[[ The input, beginning ]]

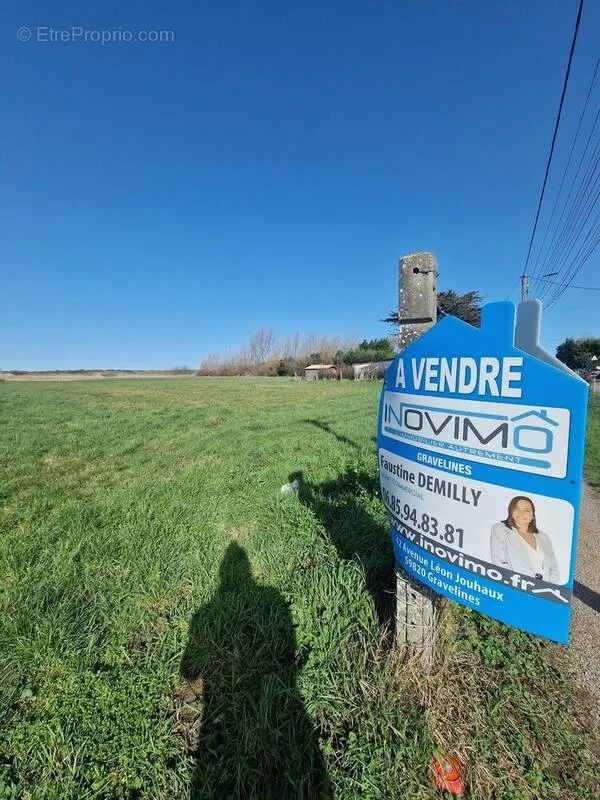 Aed - Constructible Plot with Beach Proximity in Oye-Plage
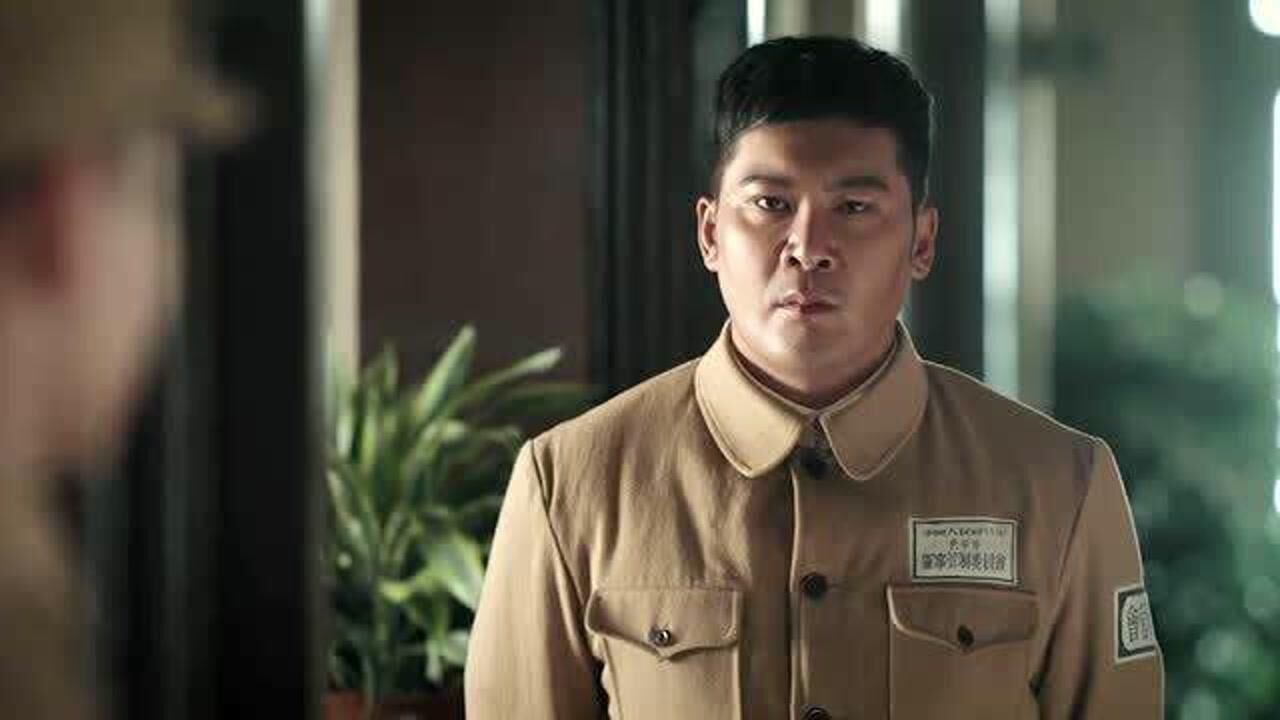 光荣时代:齐拉拉偷偷把资料放回去,谁知一转头就看见了郝平川,这下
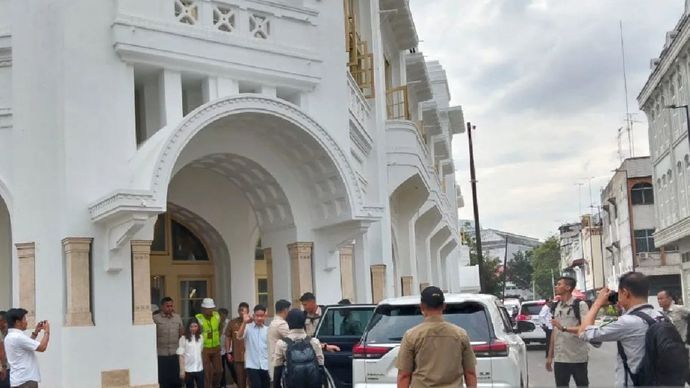 Wakil Presiden Republik Indonesia  Gibran Rakabuming Raka melakukan kunjungan ke Kota Tua Kesawan guna meninjau revitalisasi gedung Warenhuis yang berada di Jalan Hindu, Kota Medan, di Medan, Senin 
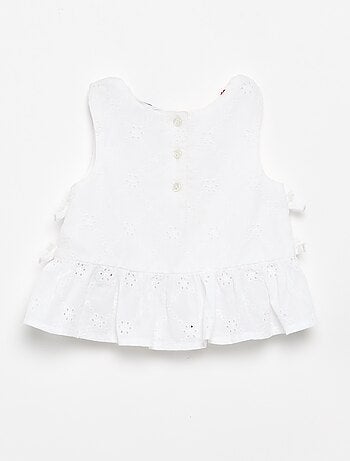 Blusa sem mangas com bordados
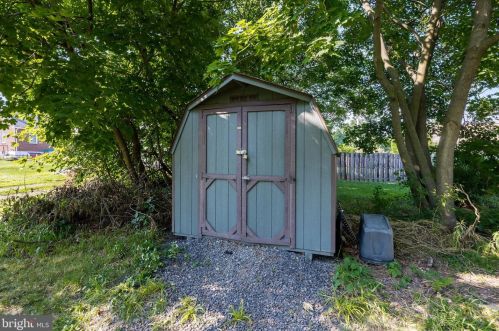 321 Howard St, Pottstown PA 19464-6701 exterior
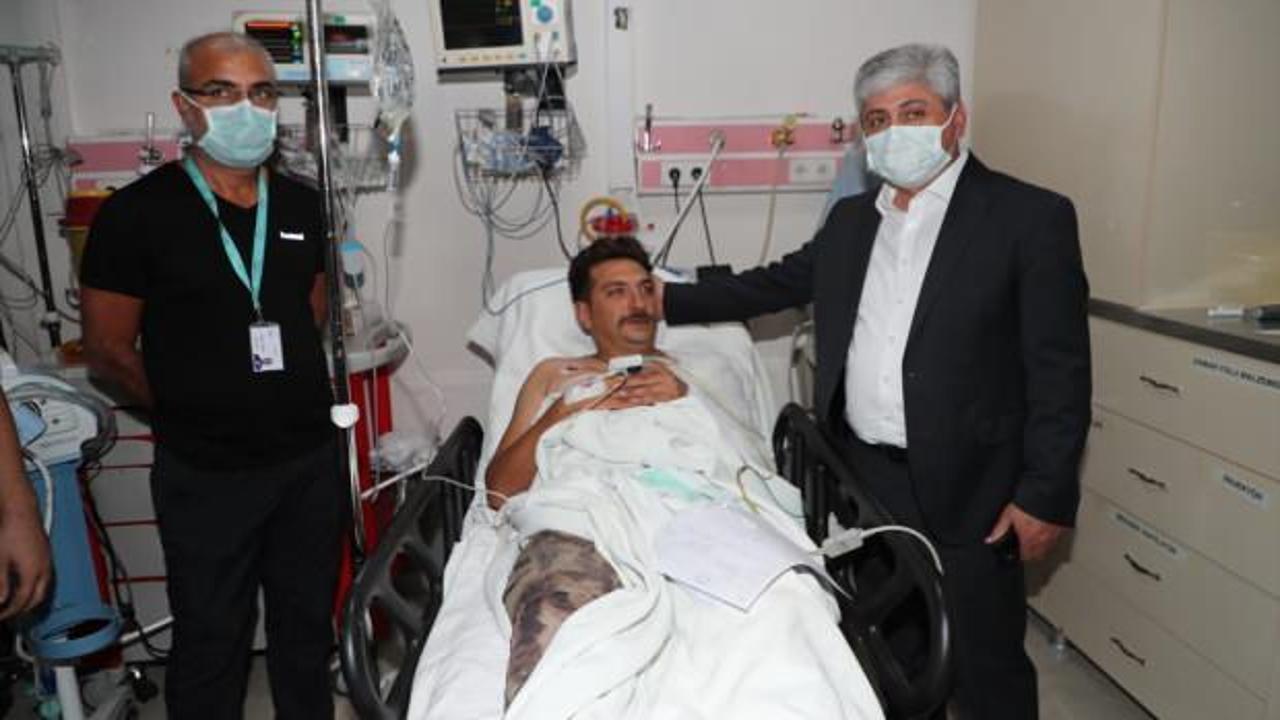 Hatay Valisi Rahmi Doğan yaralanan güvenlik güçlerini hastanede ziyaret etti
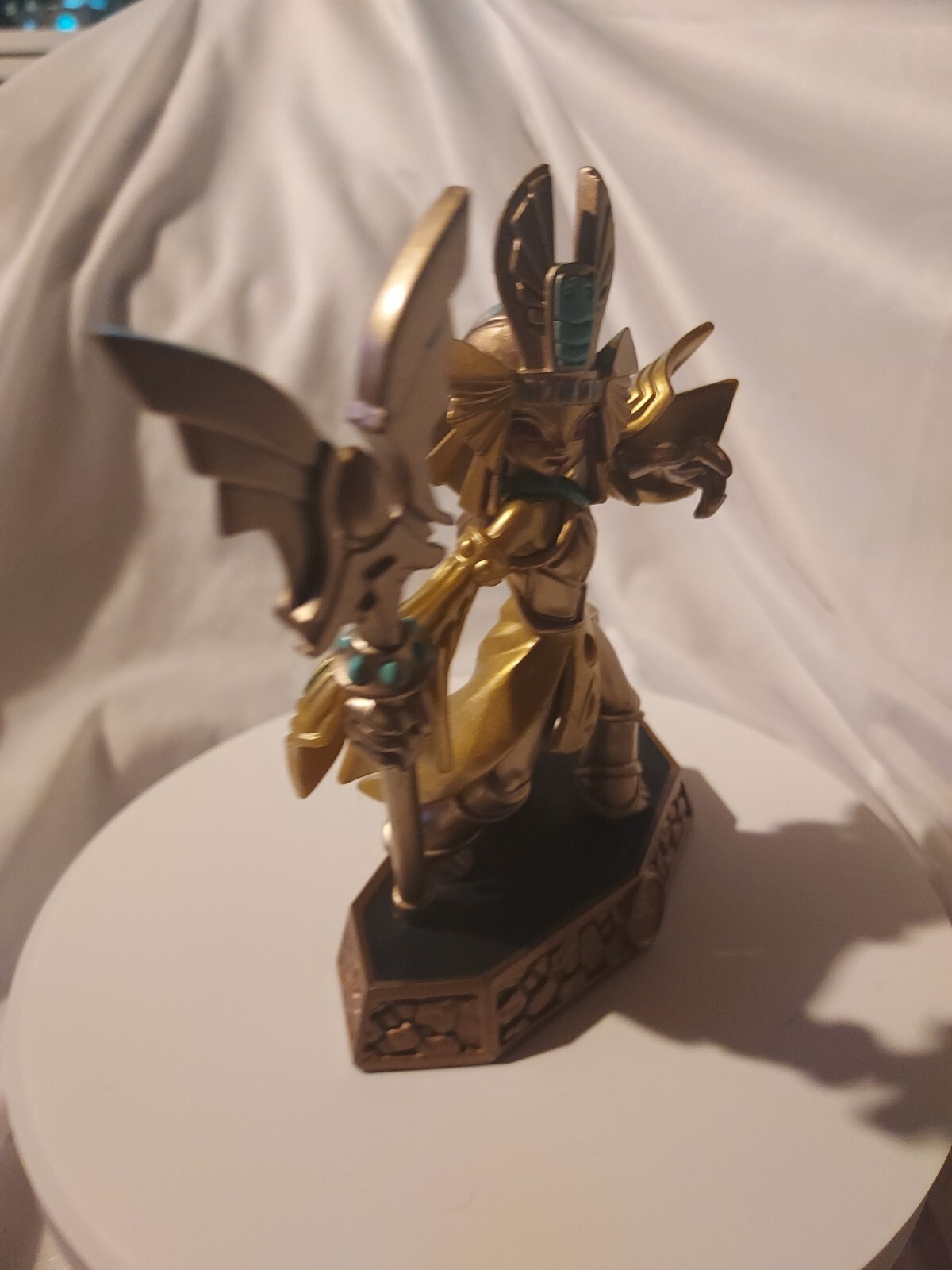 ACTIVISION SKYLANDERS IMAGINATORS GOLDEN QUEEN SENSEI FIGURE, Tesred C4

[[ The input, end ]]

> _What you should do_
All that belongs in the answer is the lines from the line with "Hatay Valisi Rahmi" through the closing line of the entries, inclusive, transcribed exactly and free of pictures.

> _Answer for this exercise_
 Hatay Valisi Rahmi Doğan yaralanan güvenlik güçlerini hastanede ziyaret etti
 ACTIVISION SKYLANDERS IMAGINATORS GOLDEN QUEEN SENSEI FIGURE, Tesred C4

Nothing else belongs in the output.